### Your instructions:
Output each entry that follows exactly. Images stay out.

Caption-style text data:
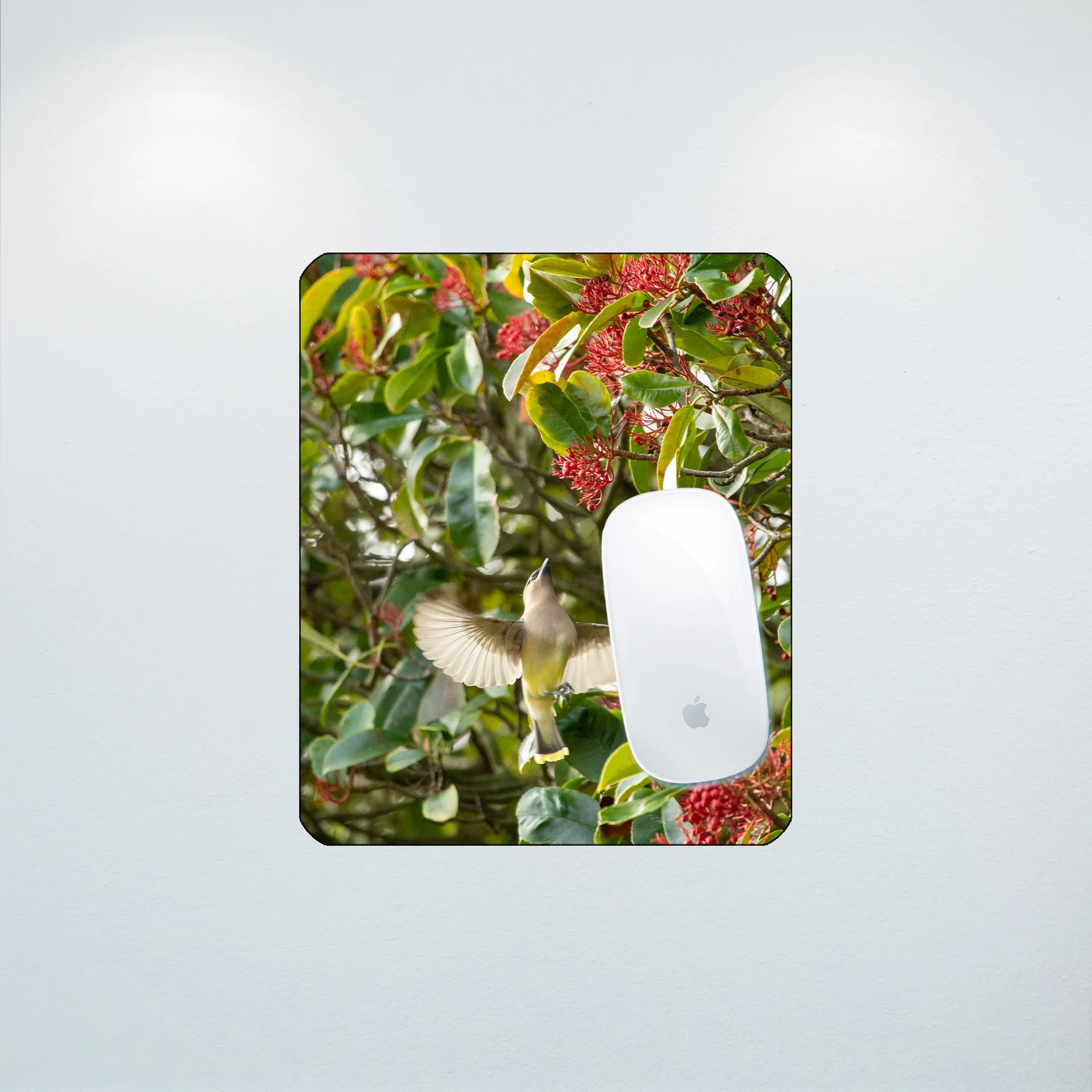 1:10 Cedar Waxwing Picking Berries- Mouse Pad.jpg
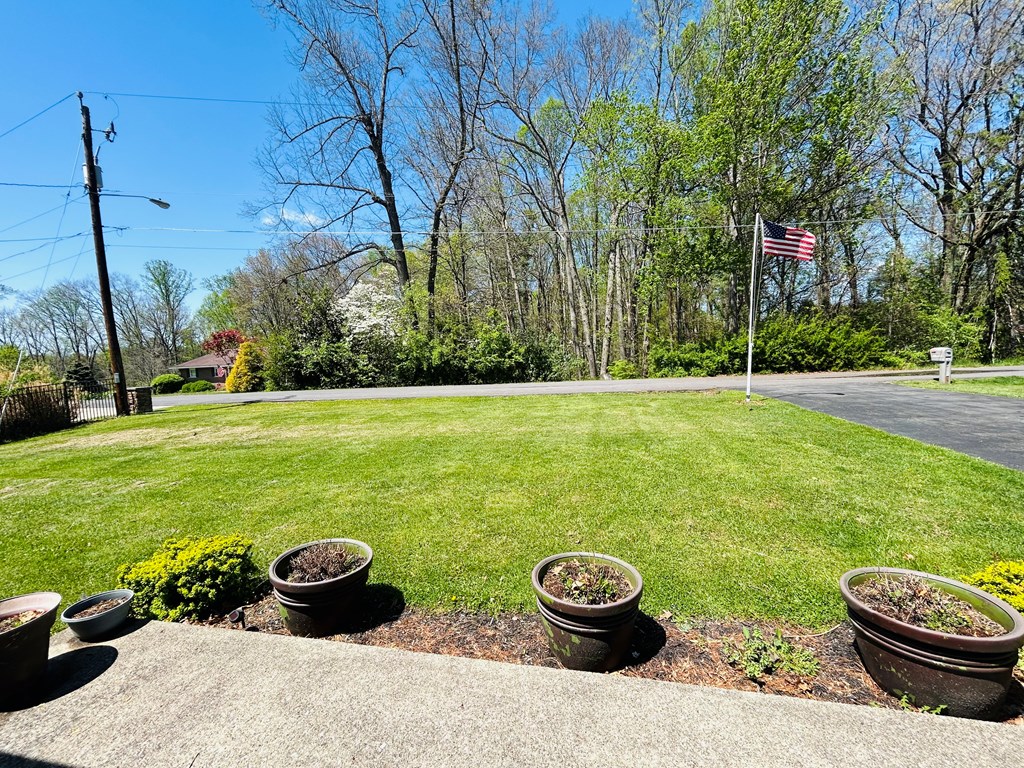 105 Olympia Drive - Photo 4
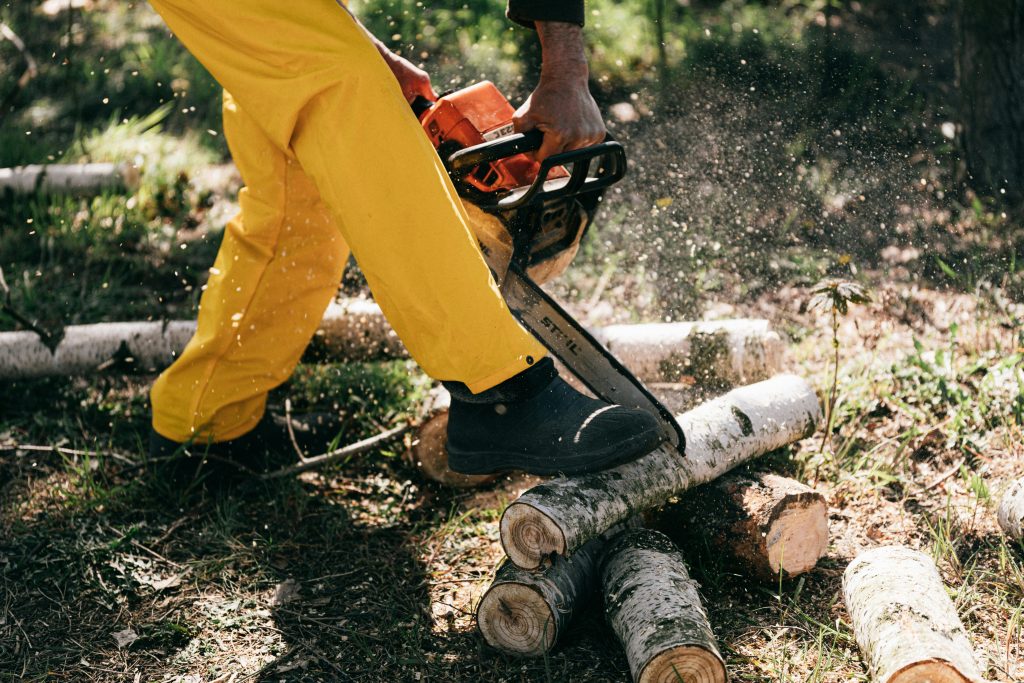 Tree Cutting Trinidad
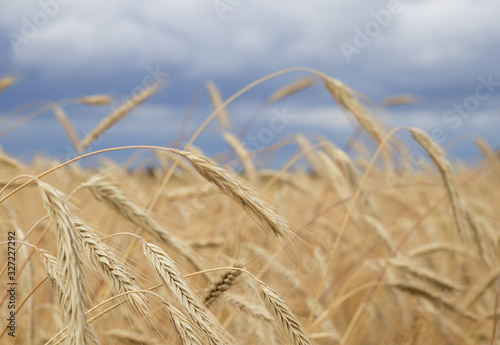 spikelets of wheat on a field on a farm against the backdrop of a blue sky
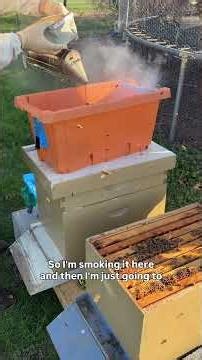 Installing my bees into their hive!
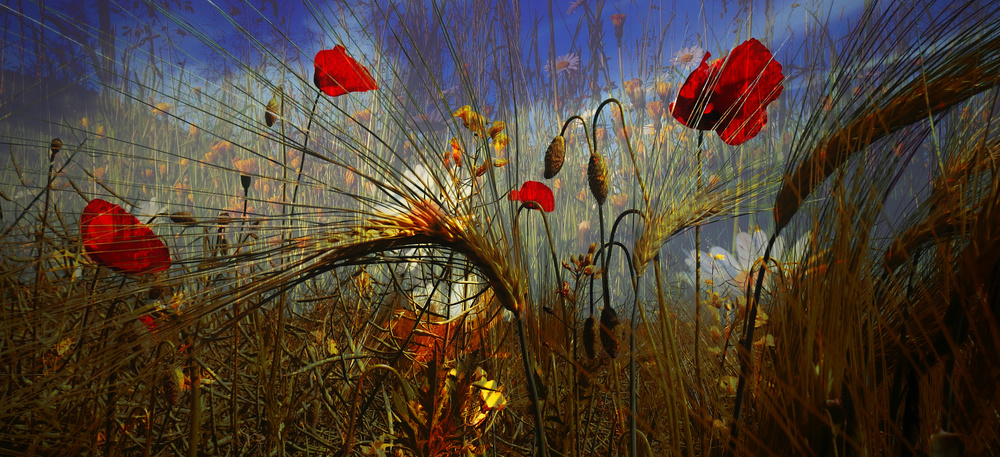 Field Poppy von Josef Pavlin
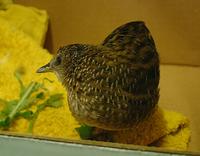 Swinhoe's Rail, Porzana exquisita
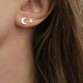Cute Golden Stainless Steel Carnation Stud Animal Heart Leaves Cat Minimalist  Earrings32841651345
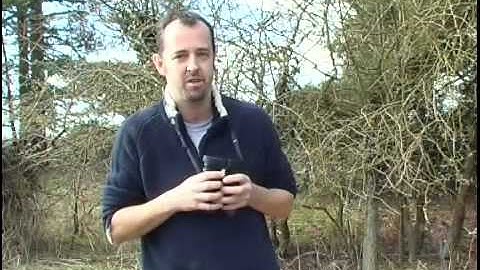 Mark Grantham talks to the BTO about Lesser Whitethroat migration
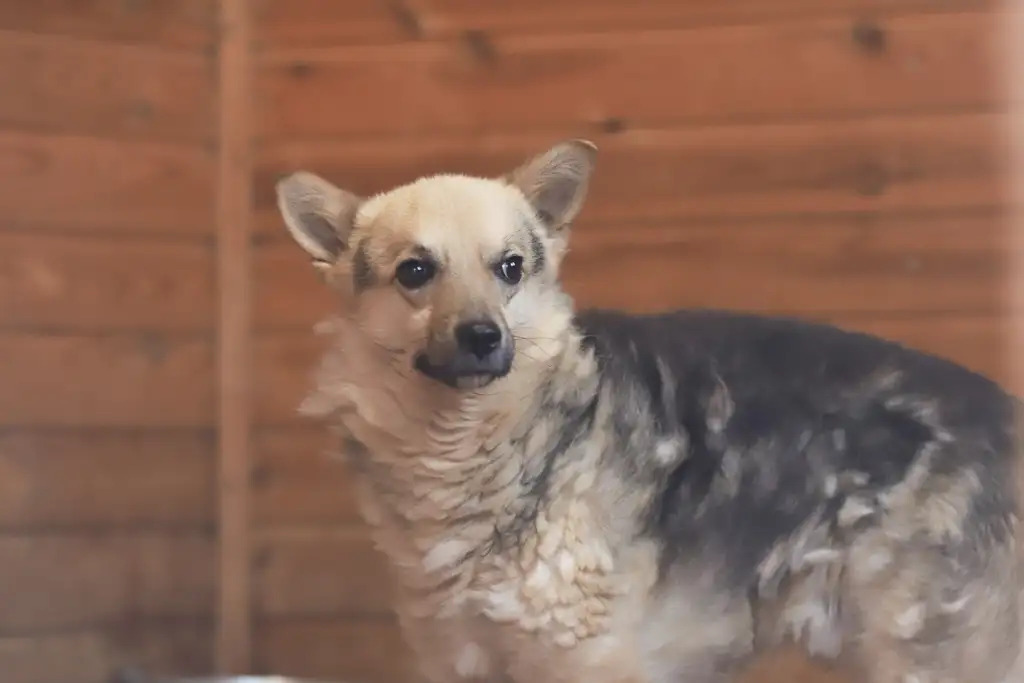 Собака Дарик - фото 3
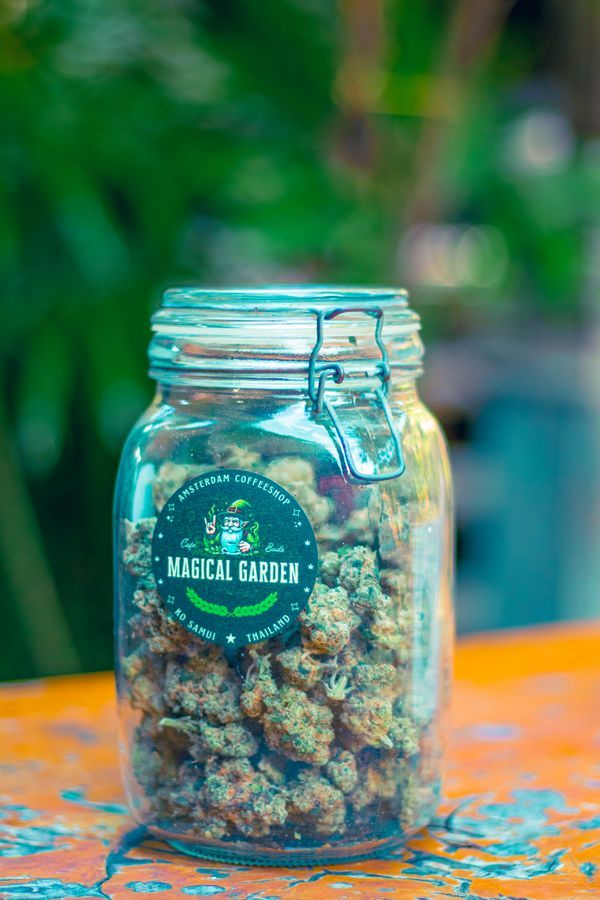 Top-shelf cannabis jar display at Magical Garden dispensary, Ko Samui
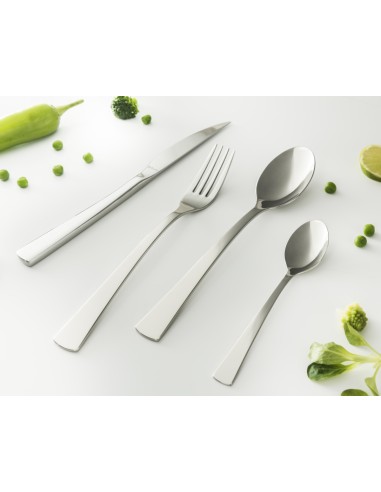 Cuchillo de mesa monobloque dentado 22 cm Izia Pro.mundi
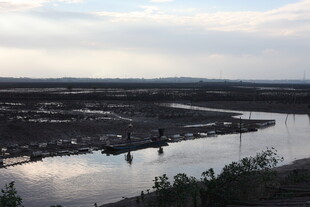 黄昏下的宁静河岸风光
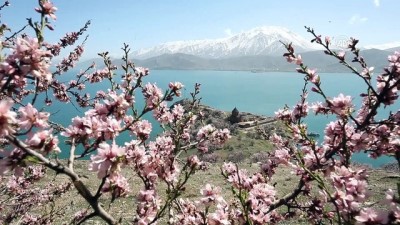 Çiçeklere Bürünen Akdamar Adası'na Ziyaretçi Akını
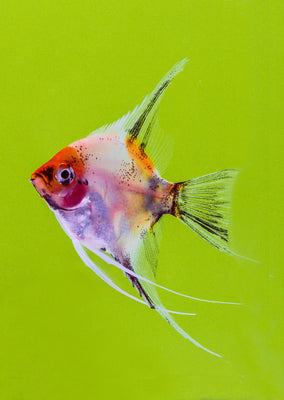 Åpex - Koi Classic Angelfish from Åpex products online in Dubai and Abu Dhabi UAE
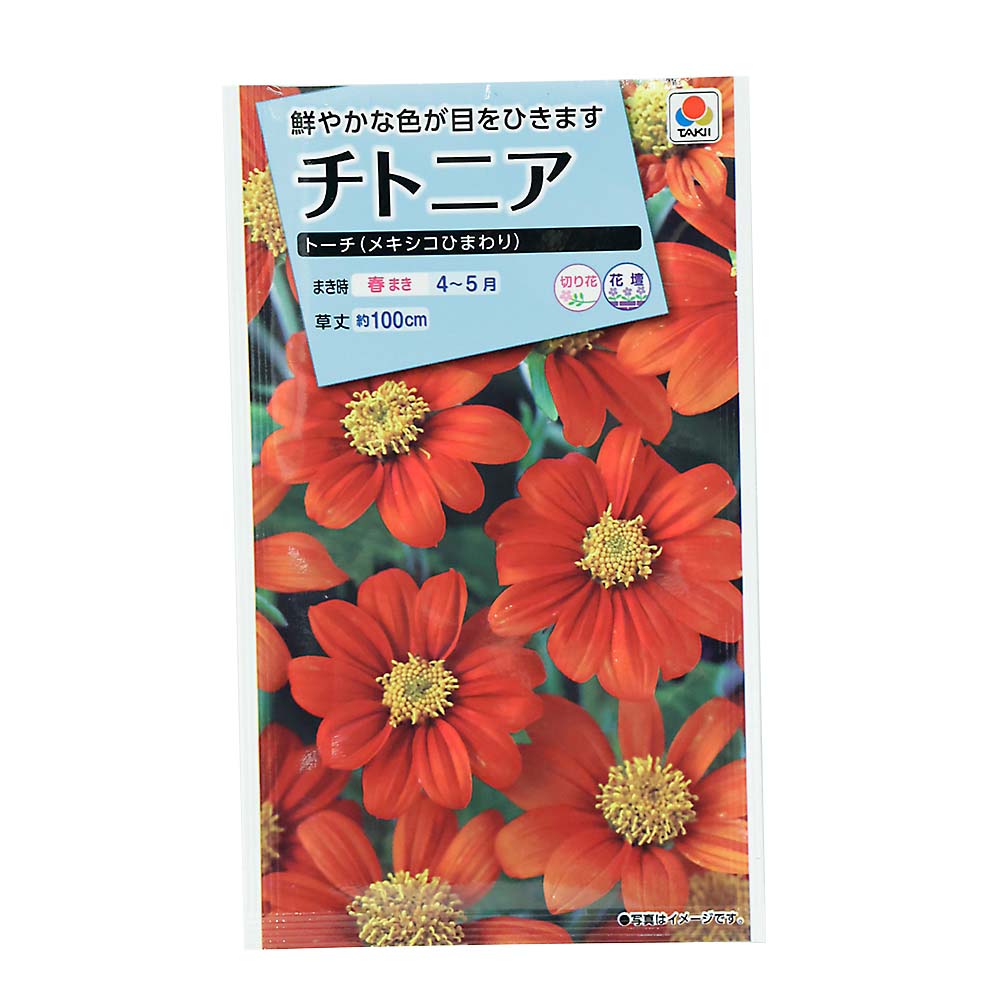 チトニア トーチ(メキシコひまわり)　春まき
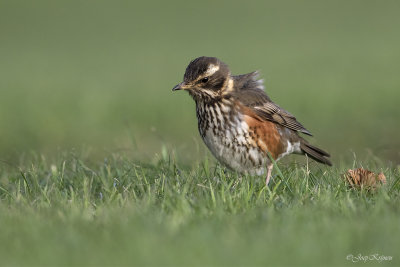 Koperwiek/Redwing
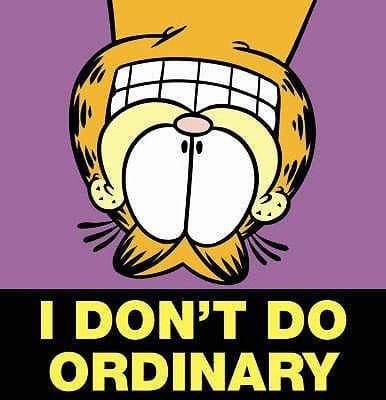 Tapa de I Dont Do Ordinary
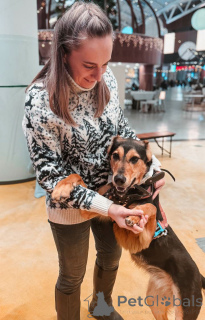 Foto №4. Ich werde verkaufen mischlingshund in der Stadt Moskwa. quotient 	ankündigung - preis - Frei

### Result of this exercise:
 1:10 Cedar Waxwing Picking Berries- Mouse Pad.jpg
 105 Olympia Drive - Photo 4
 Tree Cutting Trinidad
 spikelets of wheat on a field on a farm against the backdrop of a blue sky
 Installing my bees into their hive!
 Field Poppy von Josef Pavlin
 Swinhoe's Rail, Porzana exquisita
Cute Golden Stainless Steel Carnation Stud Animal Heart Leaves Cat Minimalist  Earrings32841651345
 Mark Grantham talks to the BTO about Lesser Whitethroat migration
 Собака Дарик - фото 3
 Top-shelf cannabis jar display at Magical Garden dispensary, Ko Samui
 Cuchillo de mesa monobloque dentado 22 cm Izia Pro.mundi
 黄昏下的宁静河岸风光
 Çiçeklere Bürünen Akdamar Adası'na Ziyaretçi Akını
 Åpex - Koi Classic Angelfish from Åpex products online in Dubai and Abu Dhabi UAE
 チトニア トーチ(メキシコひまわり)　春まき
 Koperwiek/Redwing
 Tapa de I Dont Do Ordinary
 Foto №4. Ich werde verkaufen mischlingshund in der Stadt Moskwa. quotient 	ankündigung - preis - Frei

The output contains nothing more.